=== Material shown ===
• • • • • • •
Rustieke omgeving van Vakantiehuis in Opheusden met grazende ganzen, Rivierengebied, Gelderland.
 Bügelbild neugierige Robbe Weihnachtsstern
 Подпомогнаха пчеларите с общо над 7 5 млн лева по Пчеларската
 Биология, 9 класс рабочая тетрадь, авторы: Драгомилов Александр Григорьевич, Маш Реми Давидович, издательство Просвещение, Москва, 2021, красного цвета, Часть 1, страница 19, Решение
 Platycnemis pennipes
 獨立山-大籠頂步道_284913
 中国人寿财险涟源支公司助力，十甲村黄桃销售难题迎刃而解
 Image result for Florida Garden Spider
• • • • • • •
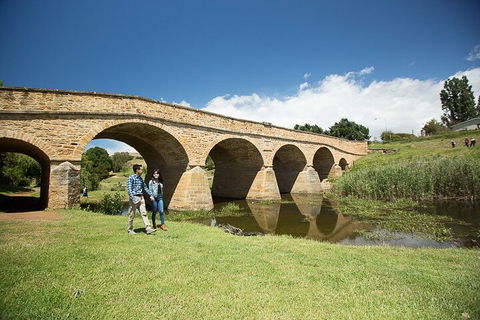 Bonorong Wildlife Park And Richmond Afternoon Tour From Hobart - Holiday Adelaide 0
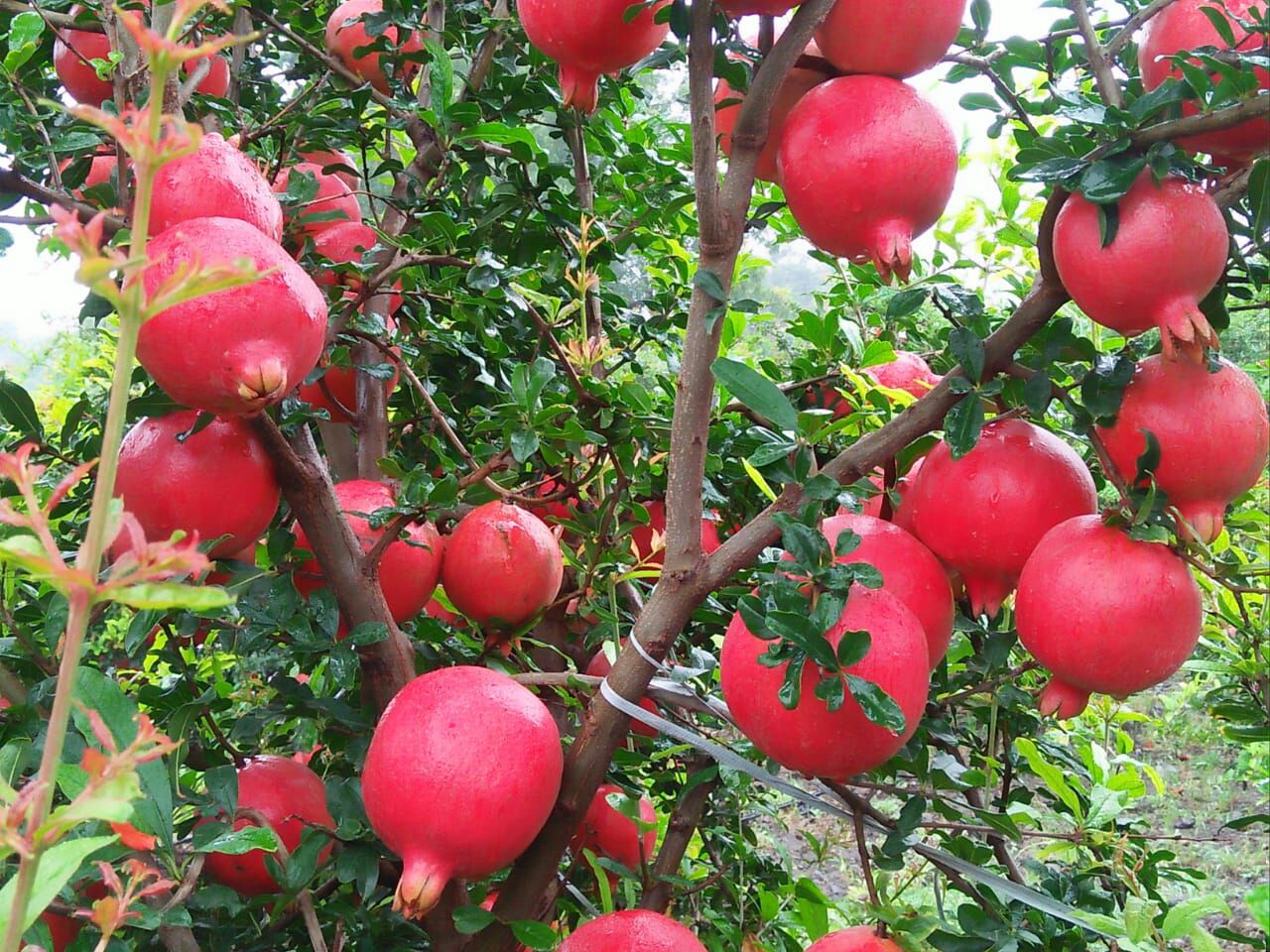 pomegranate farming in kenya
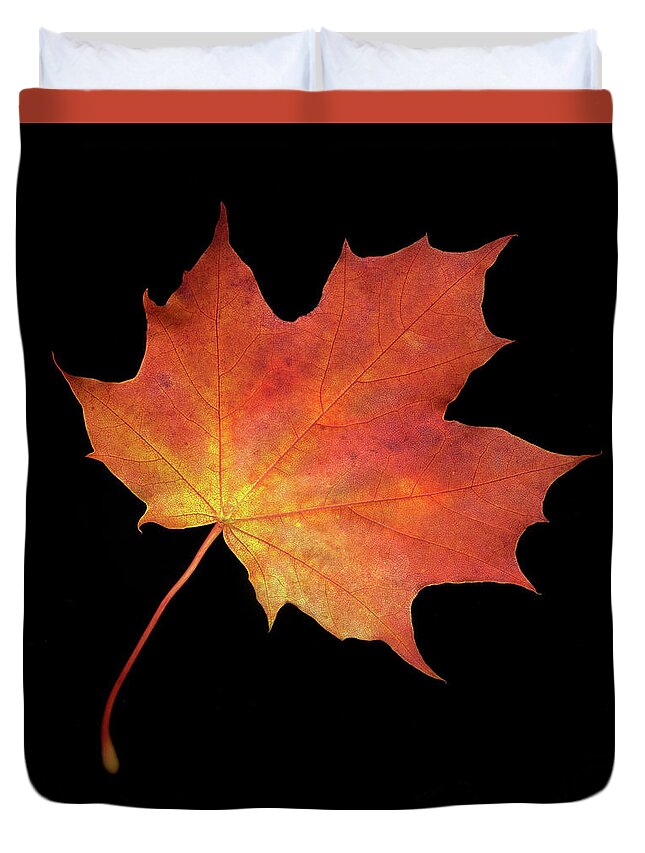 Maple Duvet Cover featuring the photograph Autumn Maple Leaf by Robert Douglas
• • • • • • •
=== Prompt ===
Please return the lines above that run from the line containing "Rustieke omgeving van" to the line containing "Image result for Florida Garden Spider", inclusive, exactly and with no other lines.

=== Reply to the exercise ===
Rustieke omgeving van Vakantiehuis in Opheusden met grazende ganzen, Rivierengebied, Gelderland.
 Bügelbild neugierige Robbe Weihnachtsstern
 Подпомогнаха пчеларите с общо над 7 5 млн лева по Пчеларската
 Биология, 9 класс рабочая тетрадь, авторы: Драгомилов Александр Григорьевич, Маш Реми Давидович, издательство Просвещение, Москва, 2021, красного цвета, Часть 1, страница 19, Решение
 Platycnemis pennipes
 獨立山-大籠頂步道_284913
 中国人寿财险涟源支公司助力，十甲村黄桃销售难题迎刃而解
 Image result for Florida Garden Spider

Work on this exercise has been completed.